Off-Screen Rendering

Until now, all of the rendering your programs have performed has been directed into a window, or perhaps the computer’s main display. The output of your fragment shader goes into the back buffer, which is normally owned by the operating system or window system that your application is running on, and is eventually displayed to the user. Its parameters are set when you choose a format for the rendering context. As a platform-specific operation, this means that you have little control over what the underlying storage format really is. Also, in order for the samples in this book to run on many platforms, the book’s application framework takes care of setting this up for you, hiding many of the details.

However, OpenGL includes features that allow you to set up your own framebuffer and use it to draw directly into textures. You can then use these textures later for further rendering or processing. You also have a lot of control over the format and layout of the framebuffer. For example, when you use the default framebuffer, it is implicitly sized to the size of the window or display, and rendering outside the display (if the window is obscured or dragged off the side of the screen, for example) is undefined as the corresponding pixels’ fragment shaders might not run. However, with user-supplied framebuffers, the maximum size of the textures you render to is only limited by the maximums supported by the implementation of OpenGL you’re running on, and rendering to any location in it is always defined.

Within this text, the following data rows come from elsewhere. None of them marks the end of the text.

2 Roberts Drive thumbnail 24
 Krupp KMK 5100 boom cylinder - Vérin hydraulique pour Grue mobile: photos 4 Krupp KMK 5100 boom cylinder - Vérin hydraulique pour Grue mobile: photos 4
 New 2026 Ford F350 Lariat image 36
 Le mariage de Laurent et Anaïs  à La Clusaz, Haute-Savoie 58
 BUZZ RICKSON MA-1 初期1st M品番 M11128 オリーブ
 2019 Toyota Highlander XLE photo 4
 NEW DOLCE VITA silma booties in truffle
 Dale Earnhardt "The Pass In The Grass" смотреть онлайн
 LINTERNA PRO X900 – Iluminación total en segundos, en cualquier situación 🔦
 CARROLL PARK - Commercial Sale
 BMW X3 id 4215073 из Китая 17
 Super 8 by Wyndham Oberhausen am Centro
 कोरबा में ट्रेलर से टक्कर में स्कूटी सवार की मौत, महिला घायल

User-supplied framebuffers are represented by OpenGL as framebuffer objects. As with most objects in OpenGL, each framebuffer object has a name that must be reserved before it is created — the actual object is initialized when it is first bound. So, the first thing to do is to reserve a name for a framebuffer object and bind it to the context to initialize it. To generate names for framebuffer objects, call glGenFramebuffers(), and to bind a framebuffer to the context, call glBindFramebuffer(). The prototypes of these functions are

void glGenFramebuffers(GLsizei n,
                       GLuint * ids);

void glBindFramebuffer(GLenum target,
                       GLuint framebuffer);

The glGenFramebuffers() function takes a count in n and hands you back a list of names in ids that you are able to use as framebuffer objects. The glBindFramebuffer() function makes your application-supplied framebuffer object the current framebuffer (instead of the default one). Theframebuffer is one of the names that you got from a call to glGenFramebuffers(), and target parameter will normally be GL_FRAMEBUFFER. However, it’s possible to bind two framebuffers at the same time — one for reading and one for writing.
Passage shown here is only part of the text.